:: Exercise description ::
Would you transcribe the line that holds "kitchen with decorative", plus every line beneath it through the end of the data, exactly and with nothing added?

:: Given entries ::
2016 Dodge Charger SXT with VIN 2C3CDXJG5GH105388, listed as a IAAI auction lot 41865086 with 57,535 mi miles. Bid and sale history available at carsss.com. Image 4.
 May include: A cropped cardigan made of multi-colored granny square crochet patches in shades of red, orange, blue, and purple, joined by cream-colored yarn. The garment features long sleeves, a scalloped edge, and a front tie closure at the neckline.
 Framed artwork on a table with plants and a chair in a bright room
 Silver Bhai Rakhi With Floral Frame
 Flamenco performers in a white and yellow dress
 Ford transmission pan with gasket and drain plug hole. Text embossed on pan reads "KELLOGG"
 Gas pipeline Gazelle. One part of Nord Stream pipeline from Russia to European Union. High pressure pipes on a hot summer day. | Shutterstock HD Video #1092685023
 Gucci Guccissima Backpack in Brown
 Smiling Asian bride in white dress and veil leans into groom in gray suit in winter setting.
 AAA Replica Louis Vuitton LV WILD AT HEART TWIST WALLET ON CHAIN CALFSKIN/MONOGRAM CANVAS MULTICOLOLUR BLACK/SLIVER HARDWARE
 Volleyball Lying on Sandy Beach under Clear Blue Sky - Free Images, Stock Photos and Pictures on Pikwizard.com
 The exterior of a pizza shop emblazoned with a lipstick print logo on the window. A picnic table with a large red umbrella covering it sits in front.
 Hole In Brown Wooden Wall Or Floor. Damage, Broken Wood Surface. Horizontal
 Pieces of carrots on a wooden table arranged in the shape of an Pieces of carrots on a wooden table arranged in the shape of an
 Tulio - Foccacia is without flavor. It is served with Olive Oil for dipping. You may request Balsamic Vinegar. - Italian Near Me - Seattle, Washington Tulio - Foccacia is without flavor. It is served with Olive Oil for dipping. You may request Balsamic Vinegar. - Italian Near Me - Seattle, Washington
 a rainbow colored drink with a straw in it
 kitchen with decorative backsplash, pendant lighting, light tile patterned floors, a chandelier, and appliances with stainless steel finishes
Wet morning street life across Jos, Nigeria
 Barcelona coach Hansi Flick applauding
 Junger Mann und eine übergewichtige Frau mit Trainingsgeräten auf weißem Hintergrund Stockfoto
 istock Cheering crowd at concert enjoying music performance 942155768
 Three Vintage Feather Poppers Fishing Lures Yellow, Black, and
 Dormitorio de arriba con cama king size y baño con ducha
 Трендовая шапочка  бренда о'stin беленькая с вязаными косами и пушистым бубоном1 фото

:: Task solution ::
 kitchen with decorative backsplash, pendant lighting, light tile patterned floors, a chandelier, and appliances with stainless steel finishes
Wet morning street life across Jos, Nigeria
 Barcelona coach Hansi Flick applauding
 Junger Mann und eine übergewichtige Frau mit Trainingsgeräten auf weißem Hintergrund Stockfoto
 istock Cheering crowd at concert enjoying music performance 942155768
 Three Vintage Feather Poppers Fishing Lures Yellow, Black, and
 Dormitorio de arriba con cama king size y baño con ducha
 Трендовая шапочка  бренда о'stin беленькая с вязаными косами и пушистым бубоном1 фото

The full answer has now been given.